• **Task to complete**
Nothing but an exact copy is asked for: the lines in the material below from the one with "Hello friends, welcome" through the one with "This first table, the", pictures excluded.

• **Supplied material**
····················

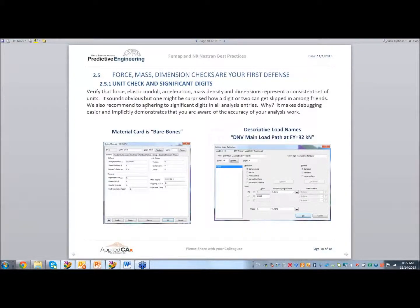One of the things we do is unit checks, which sounds stupid, but it's something I think you'll find useful. We really adhere to significant digits and chop things down. If we're doing a stress analysis, we take the material card and cut it down to bare bones — meaning we only use values directly in the analysis. For stress, all you're doing is Young's modulus and Poisson's. We get rid of everything else we're not using.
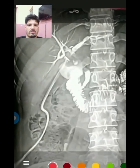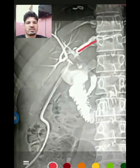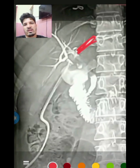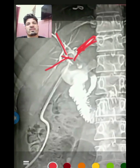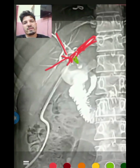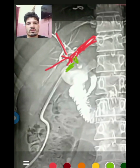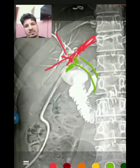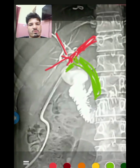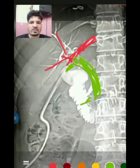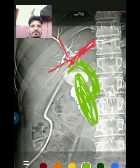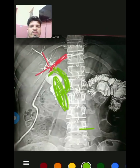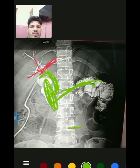This is the left hepatic duct, this is the right anterior and right posterior — they combine to form the right hepatic duct. The right hepatic duct and left hepatic duct combine to form the common hepatic duct, which then combines with the cystic duct to form the CBD — the common bile duct — which enters the duodenum at the second part at the ampulla of Vater. You can see contrast going into the duodenum and also into the jejunum.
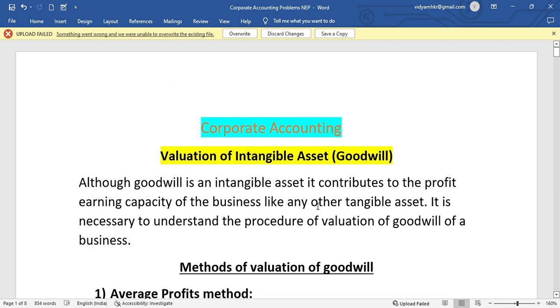Hello everyone. In today's video, Valuation of Intangible Assets, that is Corporate Accounting, which is the fourth unit. We will solve problems for the unit.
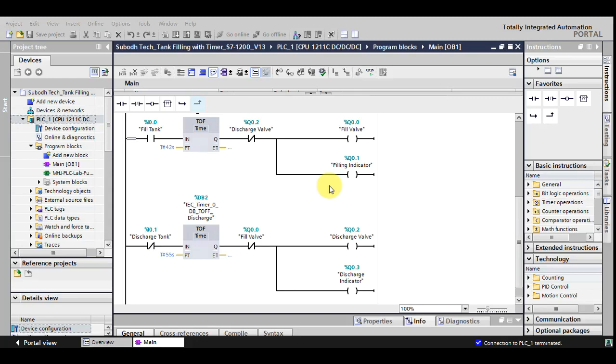Hello friends, welcome to electrical and instrument engineering channel. In this video I'm going to show you water tank filling and discharging with the help of timers, and we realize the logic with the help of PLC simulator as well as animation software.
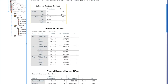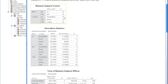This first table, the Between Subjects Factors table, tells us how many people responded in each group. For music, 21 students did not listen to music and 23 did listen to music. For location, 15 reported studying at the Thirsty Mind, 15 in their room, and 14 in the library.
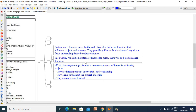In PMBOK 7th Edition, instead of Knowledge Areas, there will be 8 Performance Domains. Performance Domains describe the collection of activities or functions that influence project performance. They provide guidance for decision making with a focus on enabling desired project outcomes. They are interdependent, interrelated, and overlapping, and they occur throughout the project life cycle.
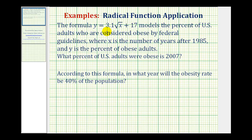The formula y equals 3.1 times the square root of x plus 17 models the percent of U.S. adults who are considered obese by federal guidelines, where x is the number of years after 1985 and y is the percent of obese adults.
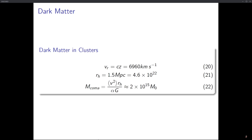The Coma cluster shows a variation in temperature because the luminosity of substances in the cluster is not uniform. The coldest region gives a reading of about 5 keV, and the warmest region gives about 9 keV. We average the temperature of the Coma cluster to be about 7 keV.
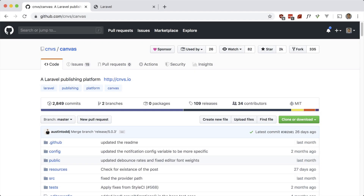This is part of my premium course, so if you like this video, be sure to check out UsefulLaravelPackages.com. Okay, let's take a look at Canvas.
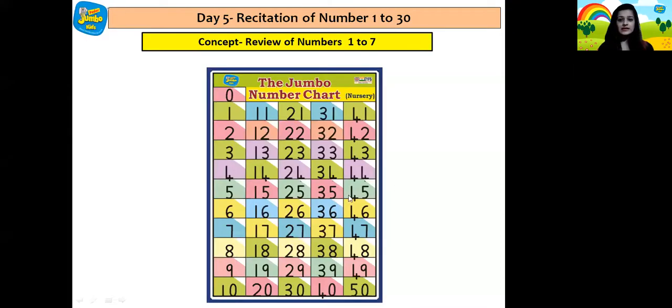Yes children, jumbo ears and magnet eyes. So today we are going to do number 1 to 7 and I will be displaying a number chart. We all are going to recite together. This number chart has numbers till 50 but we are going to recite till number 30. 3, 0, 30 children.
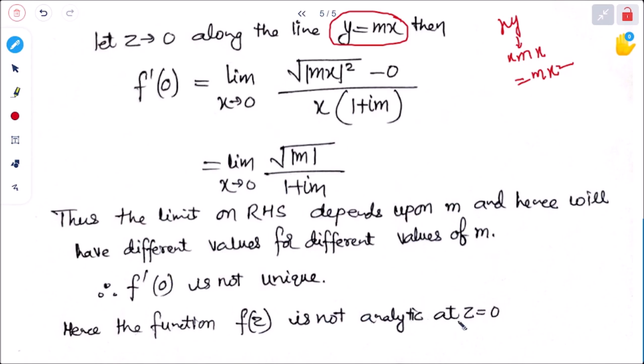Since f'(0) is not unique, the function f(z) is not analytic at z = 0. We have now seen four different types of problems. In the next class we will look at the polar form of the Cauchy-Riemann equations, related problems, and harmonic functions and their related problems.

····················

• **Solution to this exercise**
Hello friends, welcome to electrical and instrument engineering channel. In this video I'm going to show you water tank filling and discharging with the help of timers, and we realize the logic with the help of PLC simulator as well as animation software.
This first table, the Between Subjects Factors table, tells us how many people responded in each group. For music, 21 students did not listen to music and 23 did listen to music. For location, 15 reported studying at the Thirsty Mind, 15 in their room, and 14 in the library.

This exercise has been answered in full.